2016 – AlphaGo Defeats Go Champion Lee Sedol: The AI That…

A move was played in Seoul that did not look correct.

It came early in the second game. Those watching assumed it was an error. It did not follow established patterns, and it did not resemble the accumulated judgement of players who had studied the game for decades.

The move held.

The match took place in March 2016 between AlphaGo, developed by DeepMind, and Lee Sedol, a nine dan grandmaster and eighteen time world champion, widely regarded as one of the strongest players of his generation. It was played in Seoul, South Korea, over five games, with a prize of one million dollars. It was watched by millions, in part because the game itself had long been considered beyond the reach of machines.

Go has been played for more than 2,500 years. It is often described as the most complex strategy game in existence, not only because of the number of possible positions, but because of how those positions are understood. Chess presents around 10 to the power of 123 possible configurations. Go presents around 10 to the power of 170, a number that exceeds estimates of the number of atoms in the observable universe.
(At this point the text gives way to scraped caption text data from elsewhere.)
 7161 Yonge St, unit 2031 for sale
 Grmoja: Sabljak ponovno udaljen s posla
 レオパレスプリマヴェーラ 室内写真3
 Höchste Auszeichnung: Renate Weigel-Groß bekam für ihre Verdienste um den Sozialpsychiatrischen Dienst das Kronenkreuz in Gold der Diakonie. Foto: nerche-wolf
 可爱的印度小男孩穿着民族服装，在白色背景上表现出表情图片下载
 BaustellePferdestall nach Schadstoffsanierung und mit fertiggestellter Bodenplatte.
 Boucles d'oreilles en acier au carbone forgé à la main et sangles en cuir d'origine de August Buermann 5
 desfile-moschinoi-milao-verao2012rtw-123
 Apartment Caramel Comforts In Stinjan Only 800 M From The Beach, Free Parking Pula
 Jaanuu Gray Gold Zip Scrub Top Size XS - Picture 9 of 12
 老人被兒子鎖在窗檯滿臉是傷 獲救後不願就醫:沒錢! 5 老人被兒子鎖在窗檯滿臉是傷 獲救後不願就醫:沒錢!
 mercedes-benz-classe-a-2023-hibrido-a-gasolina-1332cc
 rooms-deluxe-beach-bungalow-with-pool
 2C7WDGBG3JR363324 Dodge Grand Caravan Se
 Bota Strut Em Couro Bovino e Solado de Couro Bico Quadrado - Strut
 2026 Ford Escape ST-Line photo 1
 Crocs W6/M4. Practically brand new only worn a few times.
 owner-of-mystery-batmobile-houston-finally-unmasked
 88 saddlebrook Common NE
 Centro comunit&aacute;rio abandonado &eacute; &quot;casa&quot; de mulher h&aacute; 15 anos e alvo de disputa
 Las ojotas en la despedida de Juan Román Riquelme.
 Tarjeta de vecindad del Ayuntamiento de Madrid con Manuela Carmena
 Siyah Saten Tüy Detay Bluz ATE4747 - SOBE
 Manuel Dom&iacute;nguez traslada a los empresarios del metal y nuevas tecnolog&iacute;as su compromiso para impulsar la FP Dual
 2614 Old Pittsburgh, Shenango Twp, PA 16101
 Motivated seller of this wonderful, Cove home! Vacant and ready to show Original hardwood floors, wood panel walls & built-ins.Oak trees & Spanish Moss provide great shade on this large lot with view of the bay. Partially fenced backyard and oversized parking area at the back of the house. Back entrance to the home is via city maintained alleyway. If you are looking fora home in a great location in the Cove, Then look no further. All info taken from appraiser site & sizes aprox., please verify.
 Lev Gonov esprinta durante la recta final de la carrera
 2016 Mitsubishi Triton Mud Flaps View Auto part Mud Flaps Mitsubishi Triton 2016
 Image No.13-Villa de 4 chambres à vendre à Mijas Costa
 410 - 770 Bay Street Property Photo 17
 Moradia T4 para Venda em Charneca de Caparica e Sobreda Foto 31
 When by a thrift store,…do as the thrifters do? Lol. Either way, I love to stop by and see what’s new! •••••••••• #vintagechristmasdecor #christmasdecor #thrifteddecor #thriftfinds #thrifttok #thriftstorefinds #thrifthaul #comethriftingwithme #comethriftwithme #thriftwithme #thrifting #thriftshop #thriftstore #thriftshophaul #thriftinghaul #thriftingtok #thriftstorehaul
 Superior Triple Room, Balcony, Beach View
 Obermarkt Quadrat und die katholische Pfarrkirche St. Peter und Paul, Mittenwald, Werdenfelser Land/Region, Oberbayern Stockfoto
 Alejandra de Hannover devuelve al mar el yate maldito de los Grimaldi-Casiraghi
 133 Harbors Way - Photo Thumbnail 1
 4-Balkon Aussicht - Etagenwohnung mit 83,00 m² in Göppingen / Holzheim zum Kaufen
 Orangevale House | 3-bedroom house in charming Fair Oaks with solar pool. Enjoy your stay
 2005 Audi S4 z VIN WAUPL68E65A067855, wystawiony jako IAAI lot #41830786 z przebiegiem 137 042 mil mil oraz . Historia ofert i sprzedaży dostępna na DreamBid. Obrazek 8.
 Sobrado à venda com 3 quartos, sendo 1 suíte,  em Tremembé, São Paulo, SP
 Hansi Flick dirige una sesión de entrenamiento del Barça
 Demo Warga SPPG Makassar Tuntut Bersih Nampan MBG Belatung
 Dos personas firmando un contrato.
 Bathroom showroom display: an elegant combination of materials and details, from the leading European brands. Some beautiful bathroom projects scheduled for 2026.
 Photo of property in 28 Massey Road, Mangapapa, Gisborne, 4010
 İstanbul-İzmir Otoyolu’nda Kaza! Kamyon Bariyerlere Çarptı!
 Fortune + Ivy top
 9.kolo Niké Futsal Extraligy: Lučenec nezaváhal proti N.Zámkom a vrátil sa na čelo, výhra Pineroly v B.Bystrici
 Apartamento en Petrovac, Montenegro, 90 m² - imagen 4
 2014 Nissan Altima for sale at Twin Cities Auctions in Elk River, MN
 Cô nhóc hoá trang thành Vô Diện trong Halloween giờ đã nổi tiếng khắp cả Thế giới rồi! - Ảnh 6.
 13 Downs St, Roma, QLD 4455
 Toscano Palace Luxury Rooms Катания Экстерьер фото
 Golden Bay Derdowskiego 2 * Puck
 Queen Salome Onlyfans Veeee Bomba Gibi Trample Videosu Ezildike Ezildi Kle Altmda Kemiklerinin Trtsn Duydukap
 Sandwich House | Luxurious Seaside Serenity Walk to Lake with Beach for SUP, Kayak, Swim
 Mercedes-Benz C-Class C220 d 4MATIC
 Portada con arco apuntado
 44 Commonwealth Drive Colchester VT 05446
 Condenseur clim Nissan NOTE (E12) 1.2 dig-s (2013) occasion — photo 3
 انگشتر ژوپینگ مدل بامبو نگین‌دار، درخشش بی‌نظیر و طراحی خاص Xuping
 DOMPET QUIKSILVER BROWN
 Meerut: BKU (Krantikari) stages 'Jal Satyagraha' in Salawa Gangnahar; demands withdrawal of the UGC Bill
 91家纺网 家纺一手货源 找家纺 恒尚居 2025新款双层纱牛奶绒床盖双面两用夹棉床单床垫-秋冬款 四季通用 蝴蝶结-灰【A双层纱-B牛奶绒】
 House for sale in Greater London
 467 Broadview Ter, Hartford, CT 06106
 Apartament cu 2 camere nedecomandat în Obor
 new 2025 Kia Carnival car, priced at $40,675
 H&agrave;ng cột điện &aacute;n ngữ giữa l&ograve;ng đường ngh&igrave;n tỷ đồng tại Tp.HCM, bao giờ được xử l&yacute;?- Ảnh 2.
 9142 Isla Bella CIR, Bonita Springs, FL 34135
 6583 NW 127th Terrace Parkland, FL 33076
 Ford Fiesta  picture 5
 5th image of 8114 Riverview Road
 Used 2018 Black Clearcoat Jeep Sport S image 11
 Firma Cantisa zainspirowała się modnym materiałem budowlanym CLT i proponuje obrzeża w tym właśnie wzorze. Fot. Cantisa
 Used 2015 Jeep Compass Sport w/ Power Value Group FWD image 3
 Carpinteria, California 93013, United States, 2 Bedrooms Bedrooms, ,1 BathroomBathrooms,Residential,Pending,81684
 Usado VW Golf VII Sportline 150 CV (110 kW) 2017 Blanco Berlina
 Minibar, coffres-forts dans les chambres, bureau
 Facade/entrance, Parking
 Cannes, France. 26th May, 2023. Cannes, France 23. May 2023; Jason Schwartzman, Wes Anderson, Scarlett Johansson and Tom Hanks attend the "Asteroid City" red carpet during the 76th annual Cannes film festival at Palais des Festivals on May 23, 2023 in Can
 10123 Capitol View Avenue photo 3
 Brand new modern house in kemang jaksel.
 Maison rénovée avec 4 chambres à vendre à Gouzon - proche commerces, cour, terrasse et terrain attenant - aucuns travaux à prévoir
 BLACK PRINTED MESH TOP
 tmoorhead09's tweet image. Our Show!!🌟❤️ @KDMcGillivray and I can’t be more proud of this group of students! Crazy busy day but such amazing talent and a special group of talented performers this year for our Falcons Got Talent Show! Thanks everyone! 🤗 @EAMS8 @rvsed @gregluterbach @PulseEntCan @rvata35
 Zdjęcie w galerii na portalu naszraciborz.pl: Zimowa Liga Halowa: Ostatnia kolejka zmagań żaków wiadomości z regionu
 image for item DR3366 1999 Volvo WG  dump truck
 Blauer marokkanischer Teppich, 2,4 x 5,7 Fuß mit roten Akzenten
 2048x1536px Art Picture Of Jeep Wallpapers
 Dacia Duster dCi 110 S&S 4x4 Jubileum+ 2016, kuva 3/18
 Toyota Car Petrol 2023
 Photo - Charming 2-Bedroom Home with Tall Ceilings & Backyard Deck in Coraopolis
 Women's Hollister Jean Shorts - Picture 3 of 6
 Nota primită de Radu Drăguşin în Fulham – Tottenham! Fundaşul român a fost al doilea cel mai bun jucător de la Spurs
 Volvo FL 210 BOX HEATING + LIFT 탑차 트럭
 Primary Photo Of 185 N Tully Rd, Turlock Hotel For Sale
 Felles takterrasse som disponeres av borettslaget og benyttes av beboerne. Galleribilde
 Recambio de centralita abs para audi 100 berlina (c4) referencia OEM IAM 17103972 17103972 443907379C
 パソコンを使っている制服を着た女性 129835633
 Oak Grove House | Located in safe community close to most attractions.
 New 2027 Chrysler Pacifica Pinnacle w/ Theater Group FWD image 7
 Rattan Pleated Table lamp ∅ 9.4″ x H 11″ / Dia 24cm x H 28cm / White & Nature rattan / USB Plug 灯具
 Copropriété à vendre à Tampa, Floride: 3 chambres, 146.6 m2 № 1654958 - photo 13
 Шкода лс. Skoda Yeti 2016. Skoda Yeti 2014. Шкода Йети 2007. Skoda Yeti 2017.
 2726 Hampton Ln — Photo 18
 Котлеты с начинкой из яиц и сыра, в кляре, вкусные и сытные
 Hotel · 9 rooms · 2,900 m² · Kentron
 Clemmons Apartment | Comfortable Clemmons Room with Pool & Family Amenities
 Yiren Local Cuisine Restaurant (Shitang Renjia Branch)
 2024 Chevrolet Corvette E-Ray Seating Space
A brute force search of this space is not practical.

The difficulty is not only scale. In chess, positions can be evaluated using relatively clear measures, with pieces assigned values and positions assessed accordingly. In Go, the situation is more abstract. Advantage is not easily reduced to numbers. Strong play depends on pattern recognition, long term planning and a form of judgement often described by players as intuition or feel. Before 2016, many researchers believed that this form of reasoning would remain difficult to reproduce in a machine.

Earlier systems had relied on calculation. They searched through possible moves, extending lines of play forward and selecting the most promising outcome. This approach had been effective in chess, but it struggled in Go. The number of possible moves was too large, and the absence of simple evaluation made it difficult to determine which positions were favourable.

AlphaGo approached the problem differently. It was trained using deep reinforcement learning and neural networks rather than relying solely on search. Two networks were used. A policy network predicted which moves were most likely to be effective based on patterns learned from previous games. A value network evaluated positions, estimating the long term advantage of a given board state. These networks were trained not only on recorded human games, but also through self play. The system played millions of games against itself, refining its decisions through repetition and feedback.

To guide its play, AlphaGo also used a method known as Monte Carlo Tree Search. Rather than exploring every possible move, it focused on the most promising lines, simulating outcomes and selecting moves that led to stronger positions over time. This allowed it to operate efficiently within a space that could not be searched exhaustively.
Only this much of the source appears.